Solicitors: G. E. Wright-Motion; Kingsford, Dorman, and Co., for Gregson, Southend.

Monday, Jan. 21, 1901.

(Before BRUCE and PHILLIMORE, JJ.) SOUTHALL NORWOOD URBAN DISTRICT COUNCIL (apps.) v. MIDDLESEX COUNTY COUNCIL (resps.). (a)

River-Pollution-Agreement-Breach of agreement-Liability of local authority-" Causing or suffering to flow" Middlesex County Council Act 1898 (61 & 62 Vict. c. cci.), s. 13. By an agreement made between the predecessors of the appellants, the local board, and the owner of a margarine factory, it was agreed that the owner of the factory, subject to certain conditions, should be entitled to discharge the liquids and effluent from the factory into the sewers of such board.

A sewage farm, owned by the board, became vested in the appellants, and, owing to a breach of the agreement by the factory owner, the soil of the farm became clogged and rendered less capable of filtering the sewage in the appellants' district. By reason thereof sewage and other offensive matter flowed into the river B. from the appellants' sewage works.

Held, that the appellants" caused or suffered to flow or pass" sewage and other injurious matter into the river B. within sect. 13 (1) of the Middlesex County Council Act 1898.

CASE stated on a summons charging the appellants with having, contrary to the Middlesex County Council Act 1898, caused and suffered sewage and other offensive matter to flow and pass from land and premises known as the Southall Norwood Sewage Farm, and owned and occupied by them, into the Grand Junction Canal, a canalised portion of the river Brent.

1. Prior to 1891 the rural sanitary authority of Hillingdon had acquired for the purposes of a sewage farm seventeen acres of land adjoining and abutting on a canalised portion of the river Brent at the junction of the parishes of Norwood, Isleworth, and Hanwell, and had constructed thereon sewage works upon which the sewage of the precinct of Norwood was treated, the effluent therefrom being discharged into the river.

2. In the year 1891 the precinct was formed into an urban sanitary district and a local board was constituted for such district, and the farm and works were vested in that board, which by virtue of the Local Government Act 1894 became and is now known as the appellants in this case.

3. In 1894 the local board, the predecessors in title of the appellants, was required by the owners of land within its district upon which it was intended to erect a margarine factory to afford facilities for carrying the liquids and effluent proceeding from the factory into the sewers of the board, and an agreement, dated the 23rd Jan. 1894, was entered into between the board and the owner whereby it was agreed that, subject to the conditions therein mentioned, the owner for the time being of the factory should be entitled to discharge the liquids and effluent from the factory into the sewers of the board.

4. One of the conditions mentioned in the agreement was that the owner of the factory should erect or cause to be erected and maintained in good and proper working condition at his own expense to the reasonable satisfaction of the board

(a) Reported by W. DE B. HERBERT, Esq., Barrister-at-Law.
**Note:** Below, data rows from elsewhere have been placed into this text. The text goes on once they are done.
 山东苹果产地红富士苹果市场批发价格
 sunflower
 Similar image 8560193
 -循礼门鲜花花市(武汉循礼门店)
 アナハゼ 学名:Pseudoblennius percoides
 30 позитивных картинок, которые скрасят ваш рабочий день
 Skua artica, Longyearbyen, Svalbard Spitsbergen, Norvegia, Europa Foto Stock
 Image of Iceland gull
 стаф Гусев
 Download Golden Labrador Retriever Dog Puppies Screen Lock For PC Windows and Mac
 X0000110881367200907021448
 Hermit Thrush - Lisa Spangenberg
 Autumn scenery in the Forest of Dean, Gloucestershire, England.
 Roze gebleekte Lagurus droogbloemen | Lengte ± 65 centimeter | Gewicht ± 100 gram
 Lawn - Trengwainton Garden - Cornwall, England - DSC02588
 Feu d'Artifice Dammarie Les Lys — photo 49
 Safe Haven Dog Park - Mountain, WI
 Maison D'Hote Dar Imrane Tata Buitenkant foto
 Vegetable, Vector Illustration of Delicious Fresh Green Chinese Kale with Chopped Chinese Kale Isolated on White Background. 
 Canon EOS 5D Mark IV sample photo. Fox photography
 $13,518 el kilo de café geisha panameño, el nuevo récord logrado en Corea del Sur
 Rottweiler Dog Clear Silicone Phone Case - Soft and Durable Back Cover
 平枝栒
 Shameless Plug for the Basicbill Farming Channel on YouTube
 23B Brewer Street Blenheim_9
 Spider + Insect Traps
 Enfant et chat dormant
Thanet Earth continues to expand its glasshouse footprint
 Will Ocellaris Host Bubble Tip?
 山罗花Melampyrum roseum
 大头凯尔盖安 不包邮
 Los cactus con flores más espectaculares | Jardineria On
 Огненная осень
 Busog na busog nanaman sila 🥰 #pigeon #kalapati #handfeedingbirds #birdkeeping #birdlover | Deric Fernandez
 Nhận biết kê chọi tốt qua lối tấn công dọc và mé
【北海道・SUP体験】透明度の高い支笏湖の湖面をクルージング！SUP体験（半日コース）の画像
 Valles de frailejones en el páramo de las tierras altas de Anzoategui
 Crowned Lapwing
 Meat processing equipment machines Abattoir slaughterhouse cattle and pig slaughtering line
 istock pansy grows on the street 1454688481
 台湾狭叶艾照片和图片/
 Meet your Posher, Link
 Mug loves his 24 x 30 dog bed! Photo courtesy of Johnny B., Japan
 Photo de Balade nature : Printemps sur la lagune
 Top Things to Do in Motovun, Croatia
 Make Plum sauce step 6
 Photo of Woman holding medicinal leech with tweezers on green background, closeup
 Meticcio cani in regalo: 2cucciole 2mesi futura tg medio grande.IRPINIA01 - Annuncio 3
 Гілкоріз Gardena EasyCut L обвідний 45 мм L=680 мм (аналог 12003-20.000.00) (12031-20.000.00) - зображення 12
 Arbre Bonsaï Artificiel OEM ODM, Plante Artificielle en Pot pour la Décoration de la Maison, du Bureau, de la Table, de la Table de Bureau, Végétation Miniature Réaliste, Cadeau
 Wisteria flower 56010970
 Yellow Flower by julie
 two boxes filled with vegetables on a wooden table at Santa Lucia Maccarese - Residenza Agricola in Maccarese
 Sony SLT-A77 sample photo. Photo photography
Q.B.] SOUTHALL NORWOOD URBAN DISTRICT COUNCIL v. MIDDLESEX COUNTY COUNCIL. [Q.B.

on part of the land upon which the factory was to be erected a settling tank or settling tanks for the purpose of extracting so far as might be practicable all solid fat or fatty matters in suspension from the liquids and effluent.

5. The factory having been erected and disputes having arisen between the board and the owner of the factory as to his compliance with the above condition of the agreement, on the 14th May 1896 an action was commenced by the board against him in the Chancery Division of the High Court of Justice, wherein the board claimed an injunction restraining the owner of the factory and his servants, agents, and workmen from discharging the effluent from the works at Southall into the sewers of the board until such effluent had been properly purified, and from causing or permitting the liquids and effluents from the works to flow into or remain in the sewers or drains of the board so as to become or cause a nuisance, damage, or annoyance to the board, and from committing a breach of the contract of the 23rd Jan. 1894, and for damages.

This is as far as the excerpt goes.